When we're young, celebrating birthdays meant "Things" like cake and ice cream, presents, and possibly some cash, and maybe, god-forbid, a clown. As one grows older, it becomes harder to find "Things" that hold the same wonder as one's first bike, or the "Major Matt Mason" Astronaut toys, or the awesome "Secret Sam Attache Case Weapons Set" (vintage '65), but I digress.

As birthdays have come and gone, I find my attention has migrated from the Gift to the Giver. My wife is correct: "Gifts" pale when compared to "Givers." It's relationships and friendships I find most precious and awe-inspiring. I covet in maturity what I barely acknowledged in my youth. That a "Someone" chose to give has become far more wondrous to me than the "Something" that was given.

Of course having said that I am forced to admit that I am not nearly as mature as I would like. As an adult, some of my favorite gifts have been a 3D Minion Puzzle (thanks Kirk Heald​) and a "Port-a-pig" (thanks Larry Bowen​), and I still get disappointed when my wife brings home cereal that doesn't have a prize in the box. Yeah, I may be not the same youth that was so excited by the Secret Sam Attache case, but I still have a bit of "maturity" to cultivate.
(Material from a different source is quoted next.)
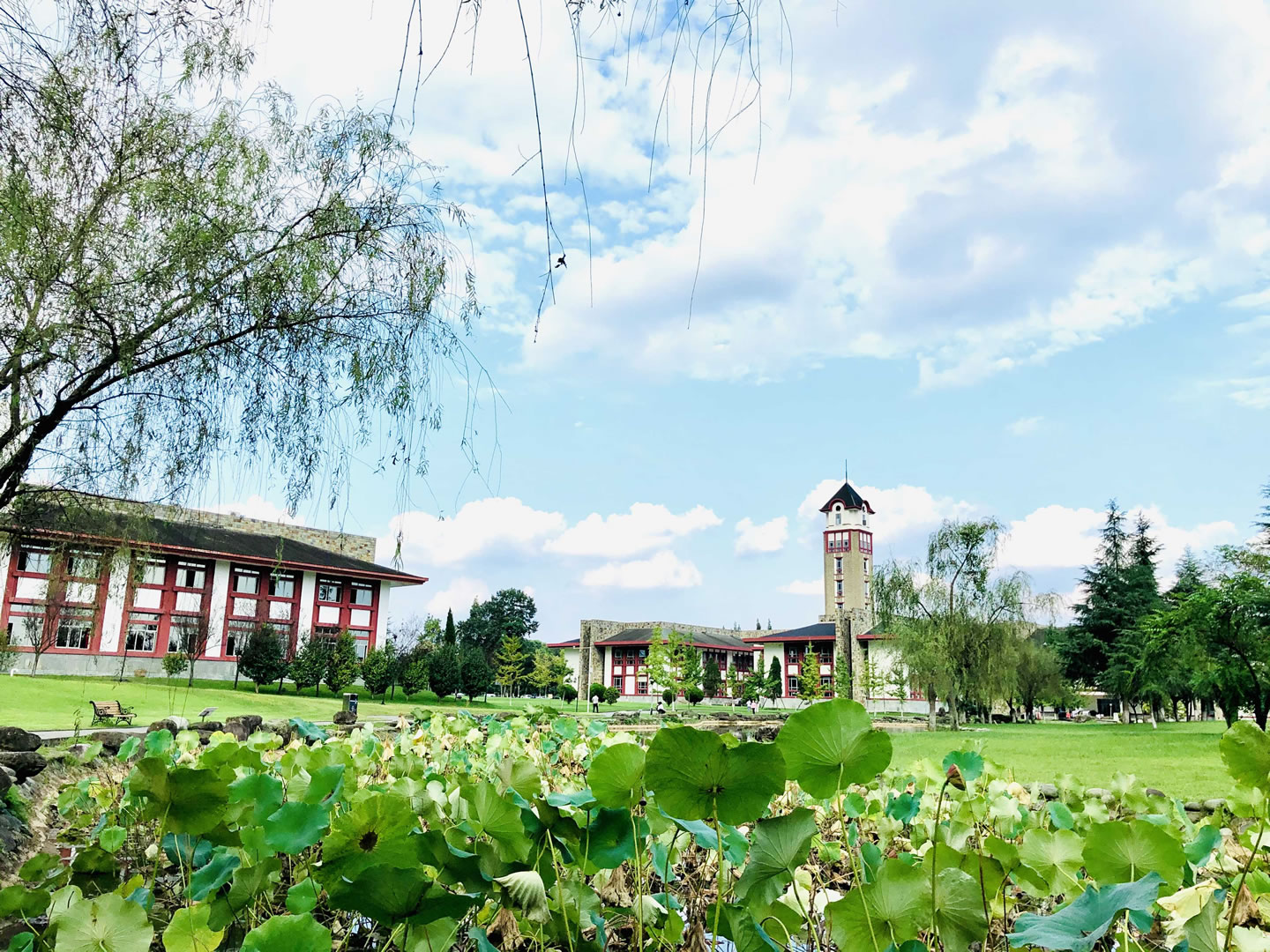 成都東軟學(xué)院-校園風(fēng)景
Oddly enough, this same progression can be found in my salvation experience. In the early days of my Christian walk, I marveled at Salvation's Gift. Every answered prayer was fodder for excited conversation. And healings? Oh, yeah. Big news!

But now, I find that I covet my relationship with the Divine more and more. In awe I think how Salvation's Giver was willing to pay the price for my freedom. That the Advocate stands between me and a totally holy God. That Jehovah Rophi is willing to heal.  These are the wonders that touch me deeply. The Giver is truly greater than the gift.

Recently, I have spent time listening to "high praise, and worship" music; what Mike Herron might call "Eagle" worship. One of my current favorites is "Here in Your Presence" (https://www.youtube.com/watch?v=p2bLUYz-Zvo). It is such a wondrous picture of worship. It takes my focus off "me" and centers it on God and, at least for a while, my problems, which moments before seemed so insurmountably big, fade into the background and become small, unimportant, "Somethings," swallowed up in the enormity of God's grace and provision.